The problem with Windows Store is that its trying to close the system and make it more akin to a Mobile system. Worst part is the fact that MS metro stuff is based on content consumption model rather then content creation model that the PC is. If the consumption model is enforced on PC's by Microsoft we will be subject to their EULA and MS policies and since MS a private corporation your Freedom of speech no longer is protected. Think of it as FOX news and CNN are the only new sources you will be able to see and get your news from and this will apply to the entire globe. Microsoft is going to go down this path more and more they are gone try to enforce of this on users with their further iterations of OS's. If you guys think this will stop in 9 your are fooling yourselves.



Metro API is gimped (can't communicate with win32 api, heck you can't do local sockets)you can't really do anything serious with it. Metro is for fluff

That's so odd because I installed all my windows programs just fine in Windows 8 and I didn't have to use the Windows Store to do it. Did I magically figure something out? I didn't realize Metro had closed my system!!!!
 
That's so odd because I installed all my windows programs just fine in Windows 8 and I didn't have to use the Windows Store to do it. Did I magically figure something out? I didn't realize Metro had closed my system!!!!

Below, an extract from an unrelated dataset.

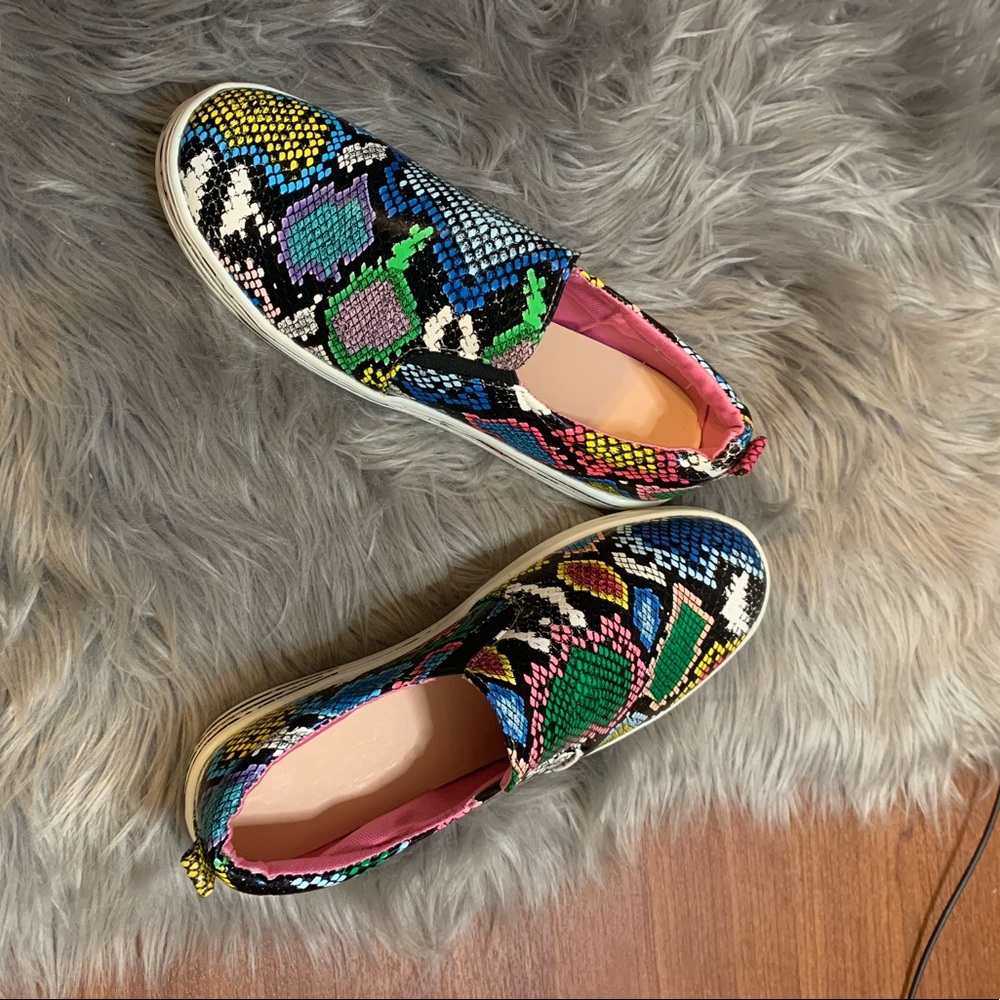 Snake shoes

I don't think he's talking about 8 necessarily. But the future of windows
 
More like tinfoil hattery, MS doesn't get to dictate the market we do so there's really no worry.

Indeed, the whole reason why we have Windows 8 is because the market has spoken and it wants more tablets and fewer laptops and desktops. One can debate the strategy behind Windows 8 and say Microsoft should have done this or done that but it had to do SOEMTHING and that something has a lot more chance to succeed if it leverages the #1 OS of all time I think.
 
I don't think he's talking about 8 necessarily. But the future of windows
means nothing i can speculate that the next ios will require you to tatoo a barcode into your skin in order to id the user. Doesn't mean it will come true, sure mine is probably less likely but auto assuming the worst possible shit always for the future is just shit silly, esp when you get angry at microsoft over it, fuck you're getting angry over something they haven't done but only something you thought they might do wtf is that crazy crap.